Hotels outside Hong Kong’s flashy areas should avoid the rush to convert to offices, Colliers says
Eight hotels are converting to office space – or taking steps to make it an option. But while eye-watering office rents are tempting, Colliers says hotel owners outside ‘core’ areas could regret converting and miss out on a big wave of tourists headed this way.
Tempted by soaring rents, some of Hong Kong’s hotel owners in upscale areas are converting their properties into office space. But one analyst is warning against a greed stampede.
Eight hotels are now being refurbished, redeveloped or on the drawing board for the shift, representing more than 2,000 hotel rooms, according to a Colliers International report released on Wednesday.
Seven of them are located in what the Hong Kong government calls “core” areas -- Sheung Wan, Central, Wan Chai, Causeway Bay and Tsim Sha Tsui -- which are upscale and appeal to businesses. Central especially stands out -- it is the world’s most expensive office address. The exception is one hotel being considered for conversion in North Point.

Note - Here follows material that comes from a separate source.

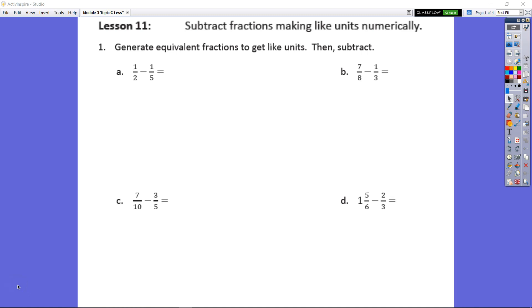We have less than 11 here. We're going to subtract fractions by making like units numerically. So we're not going to be using pictures anymore. We're going to strictly be using our numbers.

The properties could rake in more in office rent than what they fetch for hotel rooms.
But hotels in “non-core” areas -- where office rents are lower -- could miss out on an expected run-up in tourist arrivals if they convert, a misstep that occurred in 2009 when a similar hotel-to-office rush left some hotel owners worse off, Colliers said.
“The move to convert into office space is driven by soaring office prices and rents in core locations due to a long-term shortage of office supply, together with high demand,” Colliers said.
Of the eight hotels, four have already begun converting or are knocking down their property to make way for redevelopment: Hotel LKF by Rhombus in Central, which has 95 rooms in 92,460 square feet, is being converted for use by WeWork. 338 Apartment in Central is being reworked for small businesses. King’s Hotel in Wan Chai will be remade into standard offices. And J Plus Hotel has already been torn down to be redeveloped into offices.
In addition, the Hotel Excelsior and Crowne Plaza in Causeway Bay have been given green lights to convert by the government.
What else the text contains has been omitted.